→ The data
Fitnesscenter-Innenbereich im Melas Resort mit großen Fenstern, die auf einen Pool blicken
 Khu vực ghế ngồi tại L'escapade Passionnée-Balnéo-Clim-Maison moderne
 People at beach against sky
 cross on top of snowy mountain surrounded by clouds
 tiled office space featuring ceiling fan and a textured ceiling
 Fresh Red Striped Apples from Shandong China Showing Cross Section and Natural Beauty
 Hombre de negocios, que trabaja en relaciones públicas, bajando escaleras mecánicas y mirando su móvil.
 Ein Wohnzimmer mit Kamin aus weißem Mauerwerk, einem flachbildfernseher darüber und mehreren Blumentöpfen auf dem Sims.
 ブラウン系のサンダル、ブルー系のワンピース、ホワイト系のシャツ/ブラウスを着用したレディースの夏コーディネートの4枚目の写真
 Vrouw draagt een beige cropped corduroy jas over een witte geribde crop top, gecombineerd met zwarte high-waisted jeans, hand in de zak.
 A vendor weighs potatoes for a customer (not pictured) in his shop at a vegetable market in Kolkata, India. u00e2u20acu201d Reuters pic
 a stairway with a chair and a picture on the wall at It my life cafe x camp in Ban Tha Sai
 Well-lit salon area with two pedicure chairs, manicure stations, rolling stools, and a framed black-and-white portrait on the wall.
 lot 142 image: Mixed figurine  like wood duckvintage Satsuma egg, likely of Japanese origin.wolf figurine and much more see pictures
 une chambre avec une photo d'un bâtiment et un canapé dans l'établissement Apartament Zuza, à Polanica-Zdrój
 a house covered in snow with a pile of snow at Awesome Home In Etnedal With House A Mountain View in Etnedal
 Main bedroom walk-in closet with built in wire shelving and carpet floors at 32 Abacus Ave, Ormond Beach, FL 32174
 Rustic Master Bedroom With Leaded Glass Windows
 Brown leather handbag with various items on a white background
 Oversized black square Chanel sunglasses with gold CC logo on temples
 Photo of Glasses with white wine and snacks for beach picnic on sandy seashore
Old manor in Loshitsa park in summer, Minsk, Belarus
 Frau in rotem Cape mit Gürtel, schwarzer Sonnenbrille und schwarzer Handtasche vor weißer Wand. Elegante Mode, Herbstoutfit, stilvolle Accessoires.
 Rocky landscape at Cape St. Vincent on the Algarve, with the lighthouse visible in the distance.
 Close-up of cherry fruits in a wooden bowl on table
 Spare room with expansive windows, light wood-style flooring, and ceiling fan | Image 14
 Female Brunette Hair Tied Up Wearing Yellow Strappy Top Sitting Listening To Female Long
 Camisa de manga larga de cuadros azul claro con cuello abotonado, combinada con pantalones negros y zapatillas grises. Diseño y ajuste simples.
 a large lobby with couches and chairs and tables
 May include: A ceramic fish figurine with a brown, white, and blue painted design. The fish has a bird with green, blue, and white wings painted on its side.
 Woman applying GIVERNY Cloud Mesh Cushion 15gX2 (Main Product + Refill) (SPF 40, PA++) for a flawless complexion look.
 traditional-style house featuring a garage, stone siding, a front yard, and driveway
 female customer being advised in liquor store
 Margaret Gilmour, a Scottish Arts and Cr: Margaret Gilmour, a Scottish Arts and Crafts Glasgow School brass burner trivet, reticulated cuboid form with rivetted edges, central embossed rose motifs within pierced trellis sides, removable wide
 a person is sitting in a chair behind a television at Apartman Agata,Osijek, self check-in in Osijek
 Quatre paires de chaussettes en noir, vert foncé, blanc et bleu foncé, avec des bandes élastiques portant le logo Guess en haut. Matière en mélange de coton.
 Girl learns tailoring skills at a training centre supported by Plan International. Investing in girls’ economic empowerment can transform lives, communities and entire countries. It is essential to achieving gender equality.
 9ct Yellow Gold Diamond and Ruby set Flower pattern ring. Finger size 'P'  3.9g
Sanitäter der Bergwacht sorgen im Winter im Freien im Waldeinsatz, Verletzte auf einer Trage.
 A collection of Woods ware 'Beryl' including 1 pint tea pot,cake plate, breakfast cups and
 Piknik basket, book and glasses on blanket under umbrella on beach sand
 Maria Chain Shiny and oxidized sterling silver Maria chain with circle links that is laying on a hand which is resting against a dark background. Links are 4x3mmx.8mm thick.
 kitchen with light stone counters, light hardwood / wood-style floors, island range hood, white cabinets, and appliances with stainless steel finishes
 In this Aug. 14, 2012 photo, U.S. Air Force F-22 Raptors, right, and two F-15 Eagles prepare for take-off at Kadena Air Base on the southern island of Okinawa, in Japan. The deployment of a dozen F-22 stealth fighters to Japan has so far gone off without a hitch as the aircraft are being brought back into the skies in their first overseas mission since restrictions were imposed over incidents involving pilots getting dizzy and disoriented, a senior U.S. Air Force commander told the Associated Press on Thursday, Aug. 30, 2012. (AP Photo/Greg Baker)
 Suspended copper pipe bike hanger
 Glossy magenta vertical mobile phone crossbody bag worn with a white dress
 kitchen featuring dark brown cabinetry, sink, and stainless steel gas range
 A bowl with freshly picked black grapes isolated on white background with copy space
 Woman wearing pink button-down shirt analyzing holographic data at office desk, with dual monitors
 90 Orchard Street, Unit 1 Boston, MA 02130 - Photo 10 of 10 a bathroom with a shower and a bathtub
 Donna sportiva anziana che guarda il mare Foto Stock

→ Exercise instructions
From the records above, repeat exactly the lines from the one with "Oversized black square" through the one with "Spare room with", both included.

→ Result of this exercise
 Oversized black square Chanel sunglasses with gold CC logo on temples
 Photo of Glasses with white wine and snacks for beach picnic on sandy seashore
Old manor in Loshitsa park in summer, Minsk, Belarus
 Frau in rotem Cape mit Gürtel, schwarzer Sonnenbrille und schwarzer Handtasche vor weißer Wand. Elegante Mode, Herbstoutfit, stilvolle Accessoires.
 Rocky landscape at Cape St. Vincent on the Algarve, with the lighthouse visible in the distance.
 Close-up of cherry fruits in a wooden bowl on table
 Spare room with expansive windows, light wood-style flooring, and ceiling fan | Image 14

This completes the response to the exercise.